A pill-sized endomicroscopy capsule on a flexible tether offers potential for a reusable, inexpensive, and easily employed device that could help in early detection of Barrett esophagus, squamous cell cancer, and other conditions.
A pill-sized endomicroscopy capsule on a flexible tether has been shown in early clinical tests to quickly gather complete 3D microscopic images of the esophagus. The work offers potential for a reusable, inexpensive, and easily employed device that could allow early detection of Barrett esophagus and other conditions (Nat Med 2013;19:238–40).
“This is a potential game-changer for diagnosing diseases of the esophagus,” says Gary Tearney, MD, PhD, senior author of the article, professor of pathology at Harvard Medical School, and associate director of the Massachusetts General Hospital Wellman Center for Photomedicine in Boston.
Most surprisingly, Tearney says, human testing gave a proof of concept that when a patient swallows the optical capsule the esophagus grabs the capsule and moves it down smoothly, allowing detailed imaging of the entire organ. “We didn't try this technique for a long time because we didn't think it would work,” he remarks.
The 25-mm-long, 13-mm-diameter capsule includes an optical coherent tomography imaging system with a revolving infrared laser scanner, which gathers complete 3D images of the esophageal wall, including data on subsurface structures. In a study of 6 patients with Barrett esophagus (a precancerous condition) and 7 healthy volunteers, the entire esophagus could be imaged successfully in 4 passes—2 down the organ and 2 up—in about 6 minutes. In contrast, conventional endoscopy may take about 90 minutes and does not yield a complete microscopic image of the esophagus.

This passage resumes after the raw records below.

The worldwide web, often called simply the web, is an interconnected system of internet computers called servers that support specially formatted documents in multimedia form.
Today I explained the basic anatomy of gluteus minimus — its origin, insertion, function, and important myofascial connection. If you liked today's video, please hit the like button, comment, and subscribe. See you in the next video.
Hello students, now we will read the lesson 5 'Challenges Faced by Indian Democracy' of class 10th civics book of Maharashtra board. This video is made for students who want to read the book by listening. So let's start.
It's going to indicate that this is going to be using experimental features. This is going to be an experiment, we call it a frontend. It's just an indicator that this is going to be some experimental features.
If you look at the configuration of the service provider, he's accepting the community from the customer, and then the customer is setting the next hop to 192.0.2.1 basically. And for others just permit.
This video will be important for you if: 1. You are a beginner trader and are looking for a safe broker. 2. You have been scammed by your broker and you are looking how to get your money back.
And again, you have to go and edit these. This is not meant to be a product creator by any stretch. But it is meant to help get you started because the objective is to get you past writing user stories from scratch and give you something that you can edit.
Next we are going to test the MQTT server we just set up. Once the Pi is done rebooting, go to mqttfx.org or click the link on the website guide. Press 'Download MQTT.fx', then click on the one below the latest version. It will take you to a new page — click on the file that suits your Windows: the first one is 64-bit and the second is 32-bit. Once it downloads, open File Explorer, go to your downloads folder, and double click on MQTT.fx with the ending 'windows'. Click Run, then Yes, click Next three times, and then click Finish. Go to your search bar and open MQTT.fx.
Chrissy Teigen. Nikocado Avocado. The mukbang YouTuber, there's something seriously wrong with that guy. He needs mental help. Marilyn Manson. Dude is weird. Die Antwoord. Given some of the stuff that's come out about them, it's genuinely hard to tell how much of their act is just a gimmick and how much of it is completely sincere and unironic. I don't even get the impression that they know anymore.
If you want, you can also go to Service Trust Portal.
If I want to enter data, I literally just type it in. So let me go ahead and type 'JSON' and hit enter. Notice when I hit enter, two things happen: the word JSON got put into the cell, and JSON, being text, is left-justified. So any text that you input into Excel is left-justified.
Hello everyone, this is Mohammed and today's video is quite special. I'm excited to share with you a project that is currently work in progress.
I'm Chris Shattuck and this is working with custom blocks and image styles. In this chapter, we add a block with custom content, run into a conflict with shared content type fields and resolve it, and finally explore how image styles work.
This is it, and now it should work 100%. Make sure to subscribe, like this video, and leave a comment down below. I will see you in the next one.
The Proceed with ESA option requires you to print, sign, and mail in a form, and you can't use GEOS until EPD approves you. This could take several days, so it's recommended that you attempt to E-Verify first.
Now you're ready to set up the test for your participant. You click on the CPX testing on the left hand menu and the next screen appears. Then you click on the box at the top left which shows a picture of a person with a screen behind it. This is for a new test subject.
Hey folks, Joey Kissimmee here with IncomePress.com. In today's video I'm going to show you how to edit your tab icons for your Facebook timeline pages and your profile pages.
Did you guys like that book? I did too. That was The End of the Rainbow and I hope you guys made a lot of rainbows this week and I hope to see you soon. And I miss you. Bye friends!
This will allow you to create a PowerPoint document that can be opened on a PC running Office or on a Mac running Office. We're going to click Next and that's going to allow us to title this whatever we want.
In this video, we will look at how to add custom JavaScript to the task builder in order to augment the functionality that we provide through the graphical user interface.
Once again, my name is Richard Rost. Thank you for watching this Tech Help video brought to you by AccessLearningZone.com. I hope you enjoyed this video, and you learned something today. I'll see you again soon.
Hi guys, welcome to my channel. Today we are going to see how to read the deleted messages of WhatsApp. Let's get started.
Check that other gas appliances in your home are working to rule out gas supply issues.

The capsule device can be sanitized for reuse and promises to be far less expensive than either traditional endoscopy or untethered endoscopy capsules, Tearney says. The tethered capsule could require relatively little operator training and could work in almost any health care setting, with the patient simply swallowing the capsule.
By American Cancer Society estimates, more than 15,000 people in the United States died of esophageal cancer in 2012. “In other areas of the world, squamous cell cancer of the esophagus is very significant,” Tearney adds. “Our hope is that these capsules can be adopted widely, opening up the possibility of screening much larger populations for gastrointestinal tract disease.”